Tout cela sans oublier "l’inimitable" Frank Pourcel, décédé (riche) en 2000... à Neuilly. L’homme qui a osé ajouter des guitares électriques à la guimauve, et qui a même décroché avec ça le Top Ten aux USA avec un "cover" du Only You des Platters. Pourcel a collaboré avec Paul Mauriat, décédé l’année dernière à Nice. Lui aussi faisait dans le sirop, mais avec parfois plus de réussite, puisqu’il est toujours seul artiste français à ce jour à avoir été classé n°1 des ventes aux USA pendant 7 semaines d’affilée. On peut terminer l’énumération du bocal à confitures musicales en citant Raymond Lefevre, l’auteur de la musique des films de la série des Gendarmes de de Funès ou celle de la Soupe aux choux. De grands moments de musique. Sur certains sites, de joyeux drilles s’amusent aux comparaisons musicales avec l’œuvre de Lefevre : "On dirait du Mike Oldfield... l’exorciste auvergnat en somme", ou "A mi-chemin entre San Ku Kaï et Vangelis" ou encore "Un mix de Goraguer, de Moog signé Perrey-Kingsley et de valse musette". Le dernier à citer semble avoir eu un peu honte de fabriquer du sirop à la sauvette : c’est Alain Goraguer, l’arrangeur de la chanson française des années soixante-dix (Joe Dassin, France Gall, Nana Mouskouri, Serge Lama, Mireille Mathieu et surtout Jean Ferrat à qui il donne une grandiloquence fort empesée, et... Boris Vian, à ses tout débuts).
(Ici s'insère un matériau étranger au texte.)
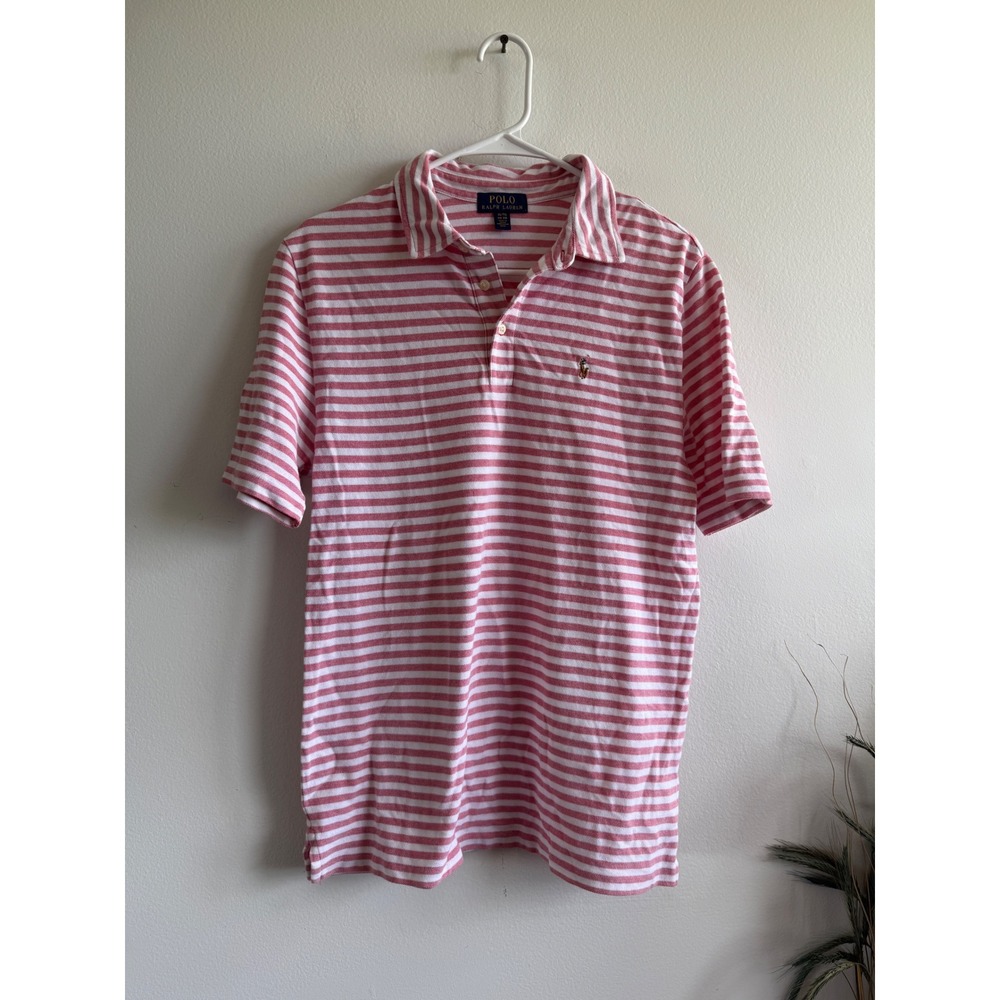 Polo Ralph Lauren kids XL Pink White Striped Short Sleeve Pique Polo Shirt 3820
Lui a aussi sévi mais sous un pseudonyme, celui de Laura Fontaine, une formule (rare pour du sirop) en trio. Le dernier larron à citer étant Burt Bacharach, qui est un peu plus à part, ayant moins forcé peut-être sur le "easy listening" et ayant même tenté des associations assez réussies, comme celle avec Elvis Costello, ce qui lui a valu un grammy award en 2006 pour un album (Painted from Memory) somme toute assez écoutable. On peut voir nos deux larrons hilares dans le film d’Austin Powers dans une version à eux de Never Fall in Love Again...
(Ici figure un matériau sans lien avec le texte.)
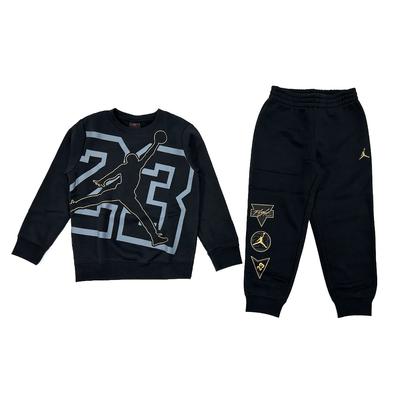 Casual Sports Suit Digital Print Pullover Long Sleeve Top Versatile Cuffed Pants Kids Suit Black HQ8596-010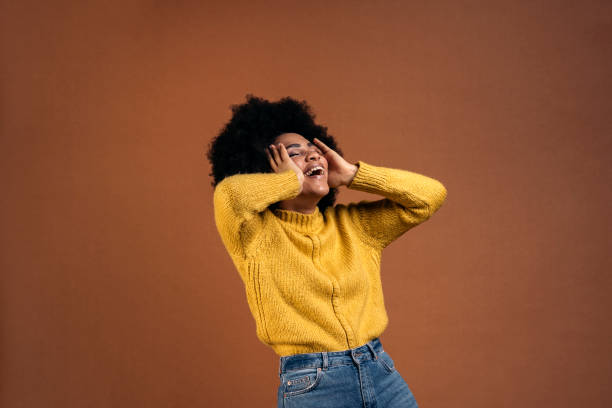 istock Expressive Afro Girl in Studio 1416446129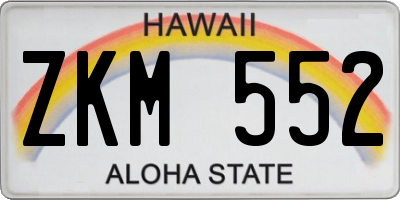 HI license plate ZKM552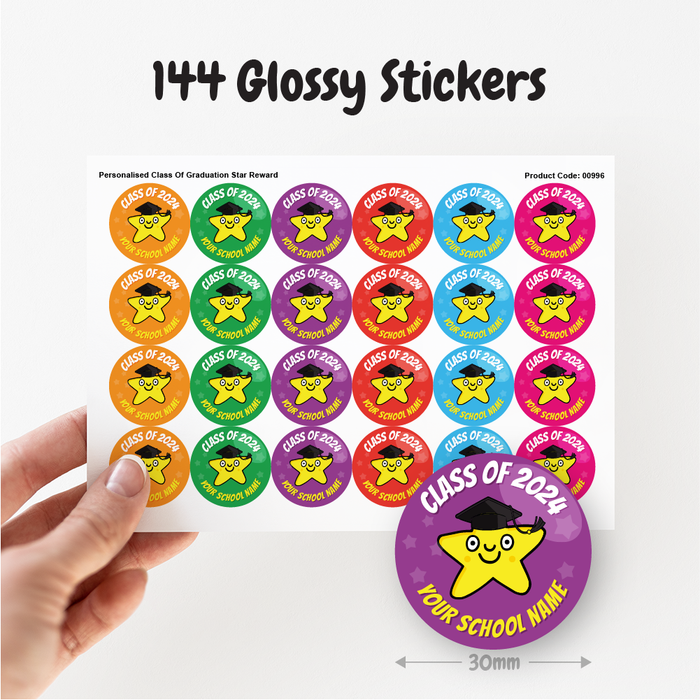 Class Session Stickers Personalised End of School Year Star Reward Stickers Class of — MyClassroom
Aujourd’hui, plus aucun magasin ou restaurant ne fait appel à des bandes de Muzak (elles étaient en bandes sans fin ou en cassettes 8 pistes parfois !) pour sonoriser leur local (ou parfois même sur un simple Welltron, l’objet mythique du 8 pistes, merveilleux engin !). Ils ont tous branché à la place un tuner qui diffuse à qui mieux mieux une musique bien trop agressive pour garder le client plus longtemps dans les locaux, ce qui était le but visé au départ par la Muzak : endormissez-le, il sillonnera plus longtemps votre magasin. Ça ou une dérivation de radio sur iTunes pour les plus aventureux techniquement (qui offre du "Smooth-Jazz" comme station par exemple). Une Muzak qui n’a pas encore rendu l’âme : on considère qu’en 2007 100 millions de personnes l’entendent encore... dans les ascenseurs, essentiellement !
Des clients de toute façon devenus sourds en partie, en raison de la vogue des baladeurs : à la FNAC, si vous demandez pourquoi les écoutes sont si haut réglées, on vous répond : "Monsieur, si on les baisse un peu les clients n’entendent rien." Un très bon article inquiétant du Figaro nous montre l’étendue des dégâts en moins d’une génération seulement. Un jeune sur cinq déjà menacé de surdité paraît-il ! Des clients qui n’écoutent plus chez eux, mais entendent seulement, avec la disparition en une génération à peine de la notion de HIFI. Tous écoutent désormais sur des mini-chaînes aux enceintes accolées à l’unité centrale : le son n’a plus aucun relief, la bande passante minimaliste (entre 60 et 14000 htz, pas plus, mesuré à 0 db). Les groupes à deux batteurs inconnus (adieu Allman Brothers !), tant l’image sonore est étroite. Aucun ne sait percevoir, avec son équipement, la profondeur musicale : chez lui un quatuor fait autant de bruit qu’un big band, Peter Skellern sonne comme Spike Jones. Les haut-parleurs de magasin, parfois situés à plus de 6 m de haut (dans les hypers !) ne présentant pas non plus des gages de bonne restitution musicale (et ne me faites pas croire qu’avec du Bose on fasse de la HIFI !). Ni qu’avec du MP3 on puisse faire quelque chose de potable. Le MP3 est à la musique ce qu’est le JPEG pour la photo. Une tare.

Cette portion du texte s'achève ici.